THE NITROGEN CYCLE Nitrogen (N) is an element like carbon. All creatures need nitrogen to survive. There are huge amounts of nitrogen gas in the atmosphere, but most animals and plants have no way of using it. It needs to be fixed (put into a biologically useful compound). After it is fixed, it can then start to move through the cycles and organisms in an ecosystem.
WHERE CAN YOU FIND IT? Let's start with the main sources of nitrogen. Nitrogen gas is the most abundant element in our atmosphere. The other main source of nitrogen is in the nitrates of soil. The nitrogen in the atmosphere cannot be used while the nitrates in the soil can be used by plants. Nitrogen can be converted into useful nitrate compounds by bacteria, algae, and even lightning. Once in the soil, the nitrogen becomes biologically accessible.

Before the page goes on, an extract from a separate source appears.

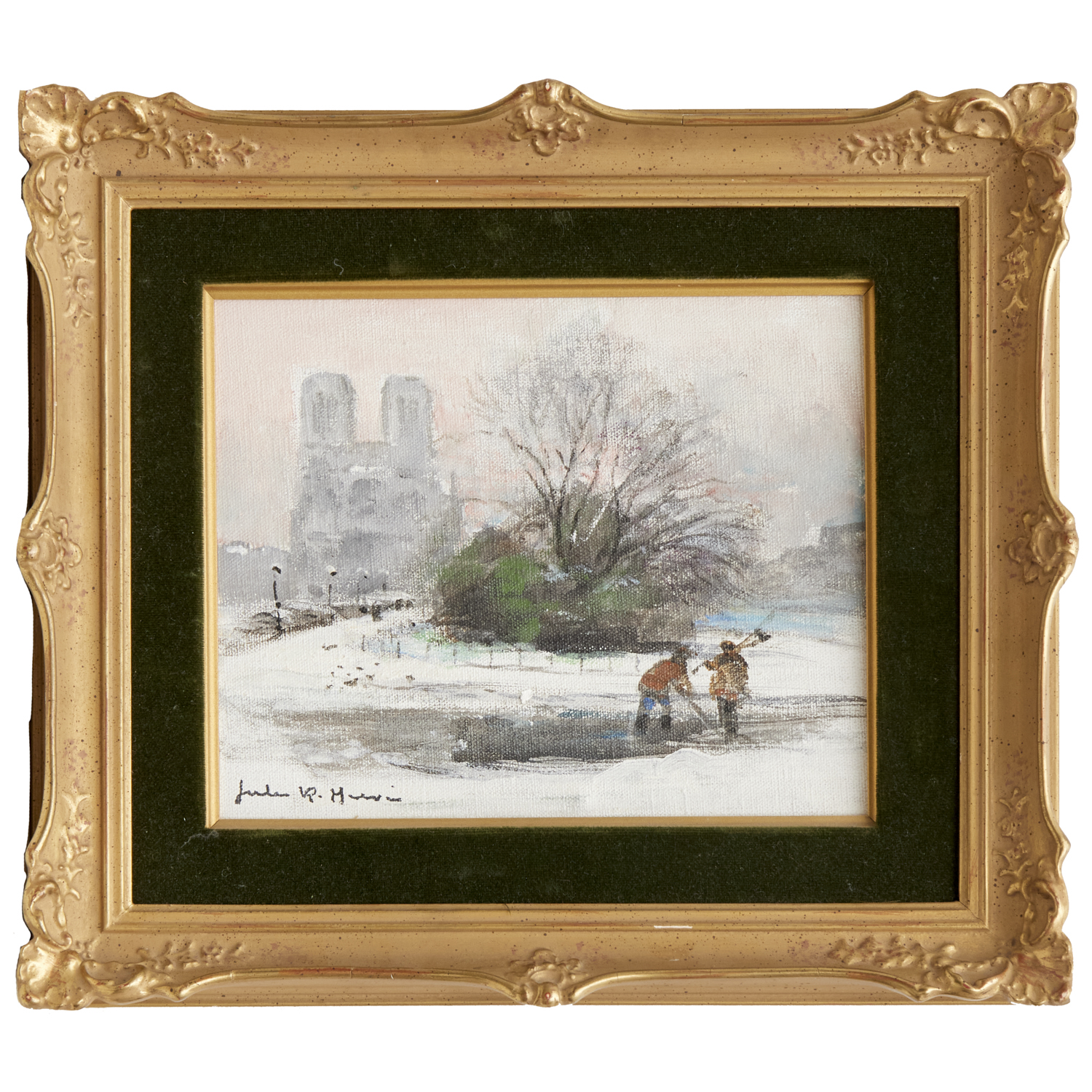 JULES R. HERVE, OIL ON CANVAS Jules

BORROWING NITROGEN Plants are the main users of nitrogen in the soil. They are able to take in the nitrates through their root system. Once inside the plant, the nitrates are used in organic compound that let the plant survive. Organic compounds have carbon atoms. Those compounds might be proteins, enzymes, or nucleic acids. Once the plants have converted the nitrogen, the element can be returned to the soil or taken up by animals. Herbivores eat plants and convert many of the amino acids into new proteins. Omnivores that eat both plants and animals are able to take in the nitrogen rich compounds as well. The nitrogen compounds are only borrowed. Nitrogen atoms are returned to the soil in poop and dead organisms. Once in the soil, the whole process can start again.

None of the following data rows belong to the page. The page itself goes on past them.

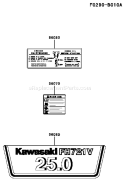 Page H Diagram and Parts List for AS21 Kawasaki Engine
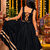 Black fully flared roman silk girls chaniya choli for navratri & garba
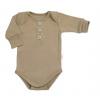 Rastúce body NATURE, dlhý rukáv s gombíkmi, bavlna, fango, 68/74 Baby Nellys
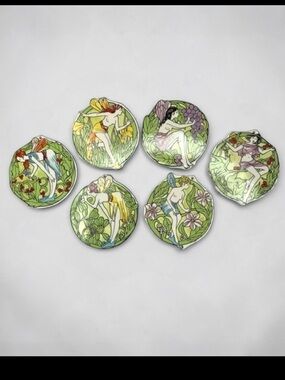 Ceramic Fairy Ornaments six total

Nitrogen is essential to all living systems, which makes the nitrogen cycle one of Earth's most important nutrient cycles. Eighty percent of Earth's atmosphere is made up of nitrogen in its gas phase. Atmospheric nitrogen becomes part of living organisms in two ways. The first is through bacteria in the soil that form nitrates out of nitrogen in the air. The second is through lightning. During electrical storms, large amounts of nitrogen are oxidized and united with water to produce an acid that falls to Earth in rainfall and deposits nitrates in the soil. Plants take up the nitrates and convert them to proteins that then travel up the food chain through herbivores and carnivores. When organisms excrete waste, the nitrogen is released back into the environment. When they die and decompose, the nitrogen is broken down and converted to ammonia. Plants absorb some of this ammonia; the remainder stays in the soil, where bacteria convert it back to nitrates. The nitrates may be stored in humus or leached from the soil and carried into lakes and streams. Nitrates may also be converted to gaseous nitrogen through a process called denitrification and returned to the atmosphere, continuing the cycle.

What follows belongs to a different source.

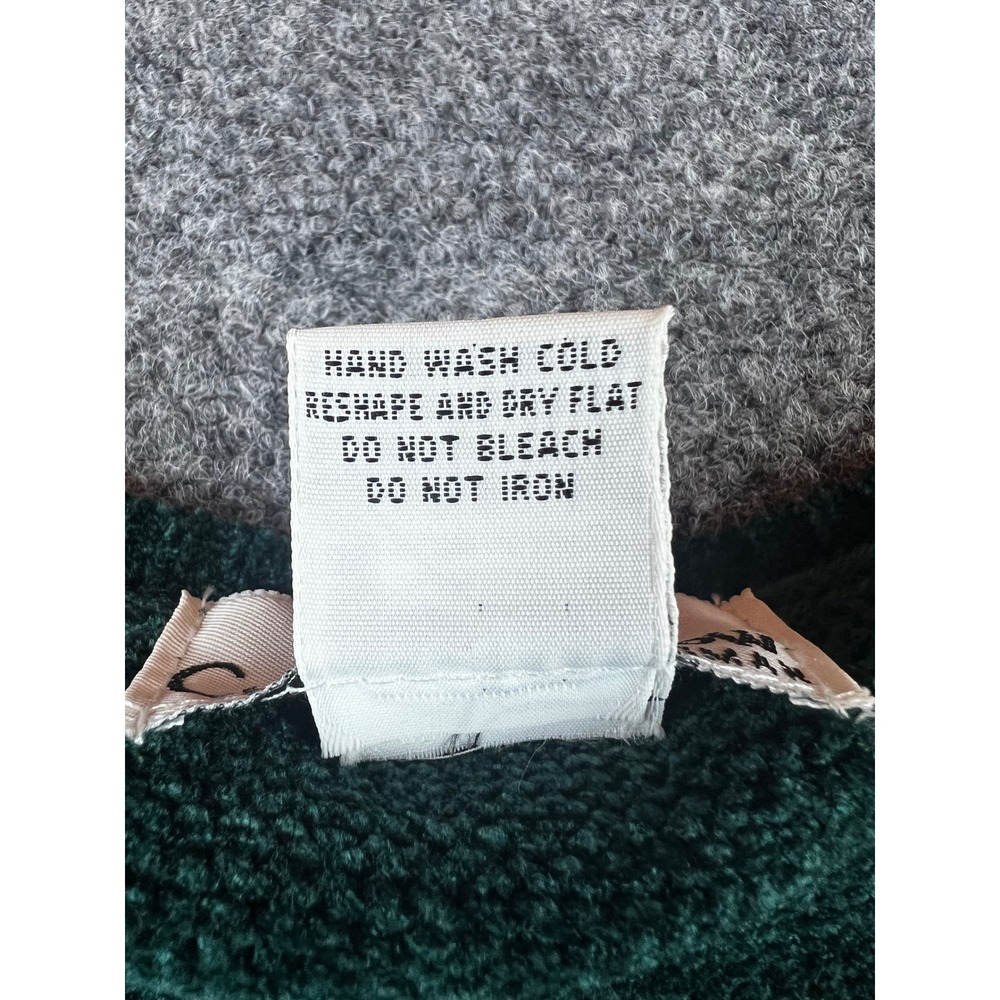 Croft & Barrow Woman Green V-Neck Sweater 3X Marled Knit Diamond Crochet Hem - Picture 3 of 8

Human activities and the nitrogen cycle Human activities cause increased nitrogen deposition in a variety of ways, including * burning of both fossil fuels and forests, which releases nitrogen into the atmosphere * fertilizing crops with nitrogen- based fertilizers, which then enter the soil and water * ranching, during which livestock waste releases ammonia into the soil and water * allowing sewage and septic tanks to leach into streams, rivers, and groundwater
Harmful effects of nitrogen deposition The consequences of human-caused nitrogen deposition are profound and influence many aspects of the Earth system, including *ecosystems: Nitrogen additions to the soil can lead to changes that favor weeds over native plants, which in turn reduces species diversity and changes ecosystems. Research shows that nitrogen levels are linked with changes in grassland species, from mosses and lichens to grasses and flowers. *precipitation: Nitrogen oxides react with water to form nitric acid, which along with sulfur dioxide is a major component of acid rain. Acid rain can damage and kill aquatic life and vegetation, as well as corrode buildings, bridges, and other structures. *air quality: High concentrations of nitrogen oxides in the lower atmosphere are a precursor to tropospheric ozone which is known to damage living tissues, including human lungs, and decrease plant production. *water quality: Adding large amounts of nitrogen to rivers, lakes, and coastal systems results in eutrophication, a condition that occurs in aquatic ecosystems when excessive nutrient concentrations stimulate blooms of algae that deplete oxygen, killing fish and other organisms and ruining water quality. Parts of the Gulf of Mexico, for example, are so inundated with excess fertilizer that the water is clogged with algae, suffocating fish and other marine life. *carbon cycle: The impacts of nitrogen deposition on the global carbon cycle are uncertain, but it is likely that some ecosystems have been fertilized by additional nitrogen, which may boost their capture and storage of carbon. Sustained carbon sinks are unlikely, however, because soil acidification, ozone pollution, and other negative effects eventually compromise nitrogen-enhanced carbon uptake.